The Commission has held that a settlement agreement constitutes a
contract between the employee and the agency, to which ordinary rules of
contract construction apply. See Herrington v. Department of Defense,
EEOC Request No. 05960032 (December 9, 1996). The Commission has further
held that it is the intent of the parties as expressed in the contract,
not some unexpressed intention, that controls the contract's construction.
Eggleston v. Department of Veterans Affairs, EEOC Request No. 05900795
(August 23, 1990). In ascertaining the intent of the parties with regard
to the terms of a settlement agreement, the Commission has generally
relied on the plain meaning rule. See Hyon O v.

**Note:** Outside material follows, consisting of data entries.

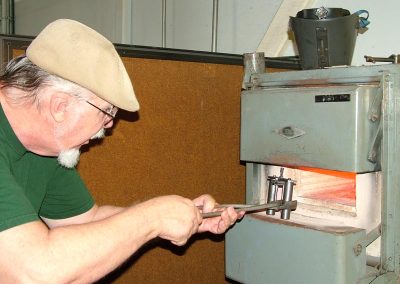 Tom inserts the fixture into the heat treating oven.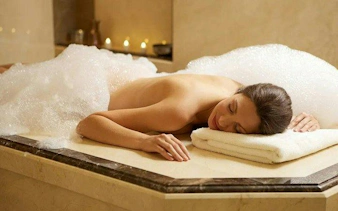 Person relaxing on a marble slab during a Turkish bath with foam, Alanya Hamam.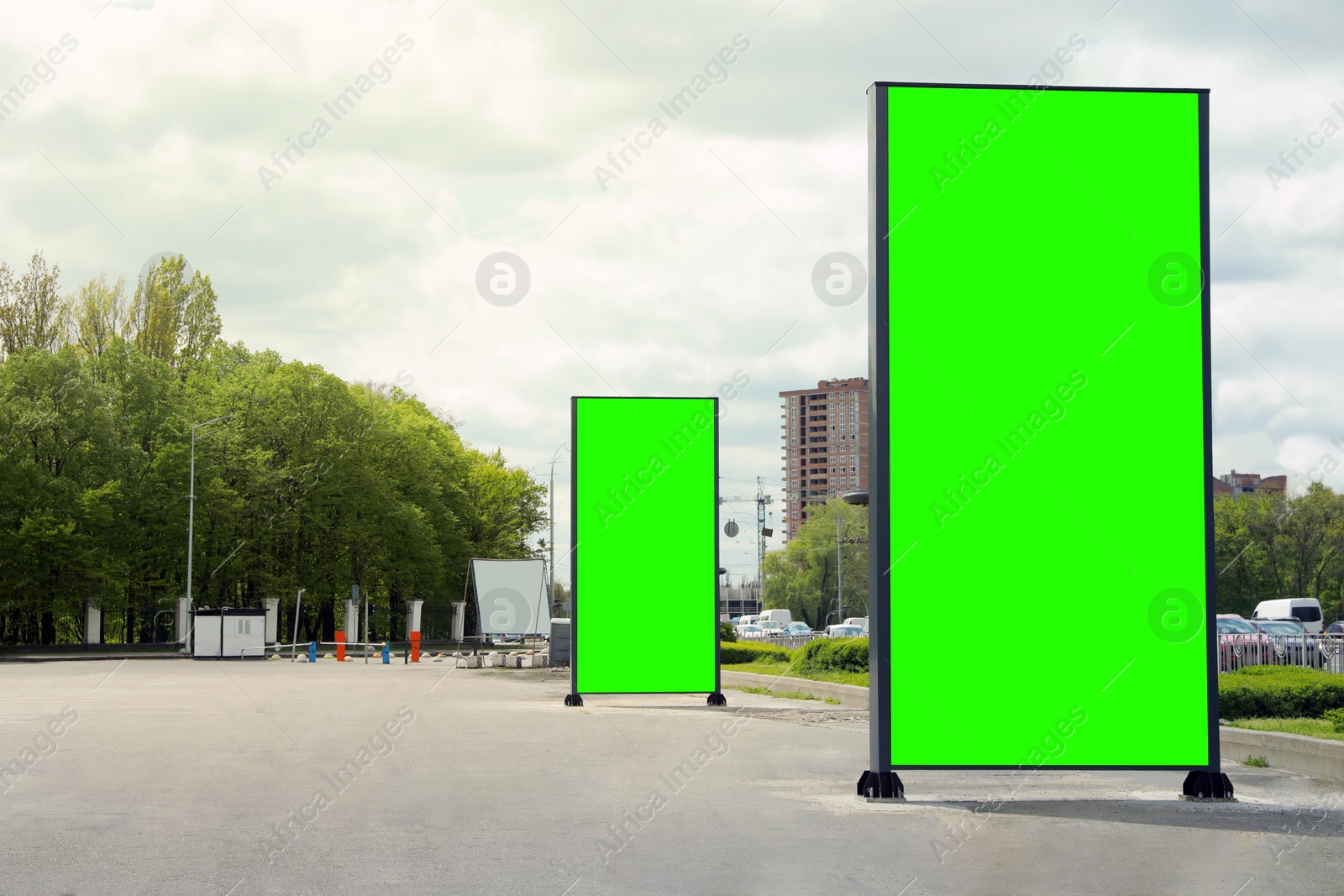 Image of Chroma key compositing. Empty billboards with green screen on city street. Mockup for design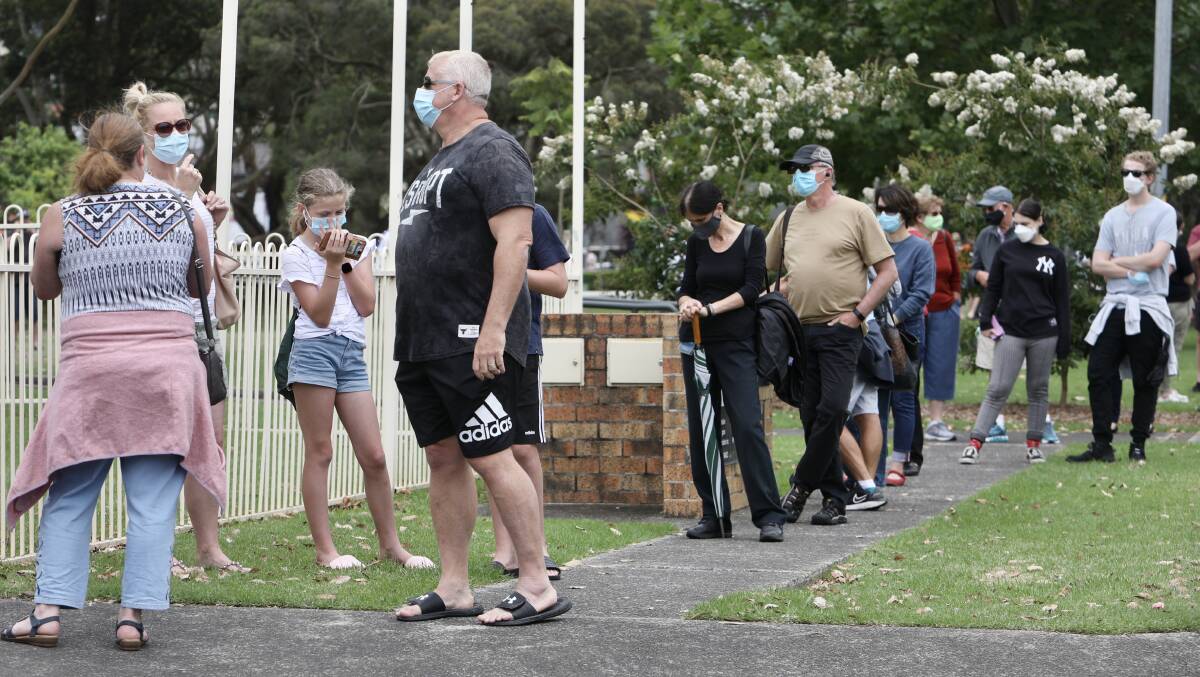 Residents wait in line to get tested for COVID in Figtree on Wednesday. Photo: Adam McLean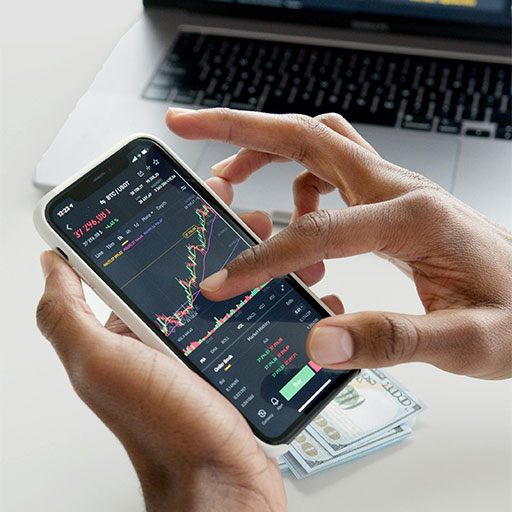 Man looking at investment charts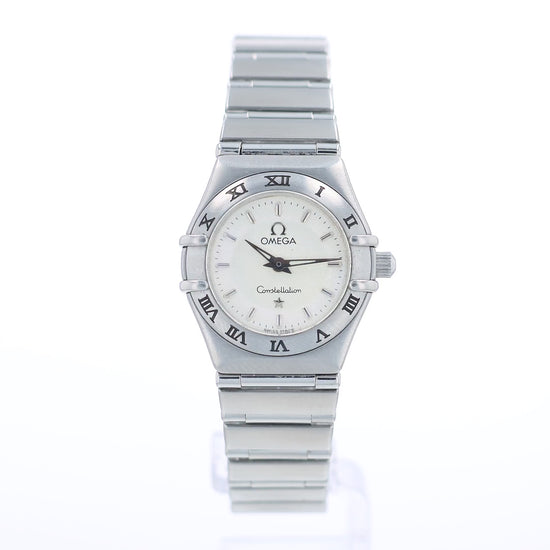 360 degree video of a silver Omega watch with a white dial and a roman numeral bezel on a white background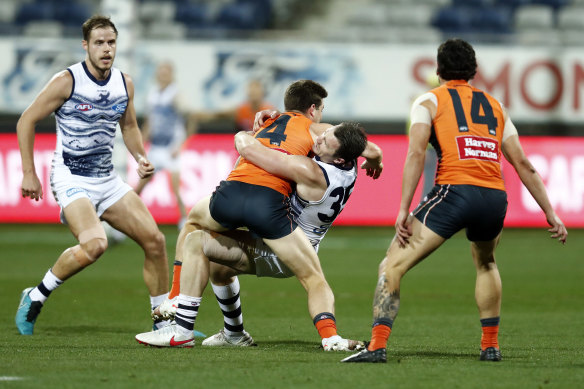 Toby Greene tries to fend off Patrick Dangerfield.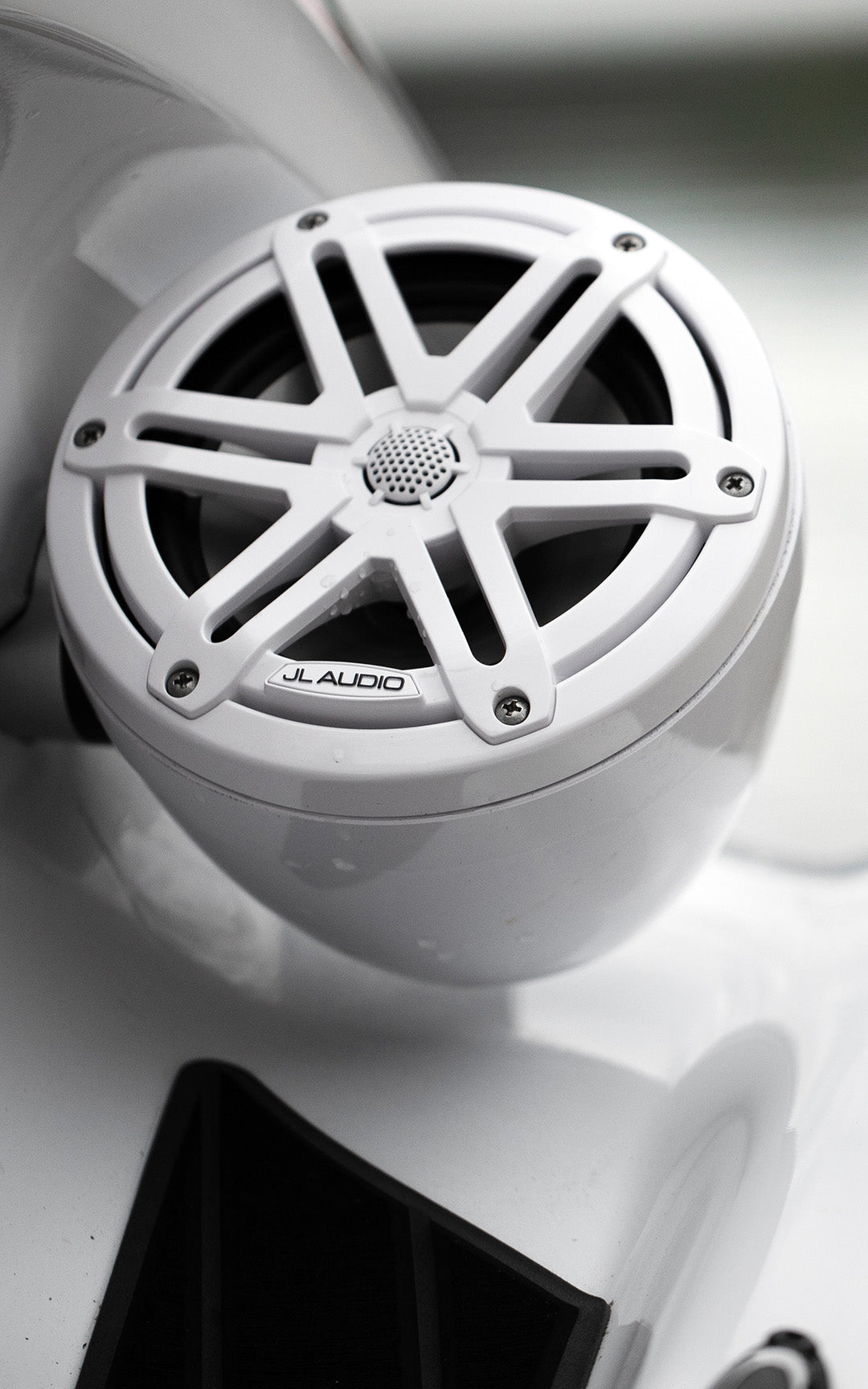 A closeup view of a white VeX Speaker unit installed on a jet ski.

United States Postal
Service, EEOC Request No. 05910787 (December 2, 1991). This rule states
that if the writing appears to be plain and unambiguous on its face,
its meaning must be determined from the four corners of the instrument
without resort to extrinsic evidence of any nature. See Montgomery
Elevator Co. v. Building Eng'g Servs. Co., 730 F.2d 377 (5th Cir. 1984).
As a threshold matter, the Commission finds that complainant's appeal of
the agency's December 17, 2007 final determination finding no breach of
the settlement agreement is untimely. With respect to settlement breach
claims, Commission regulations provide that a complainant "must file an
appeal within 30 days of his or her receipt of an agency's determination."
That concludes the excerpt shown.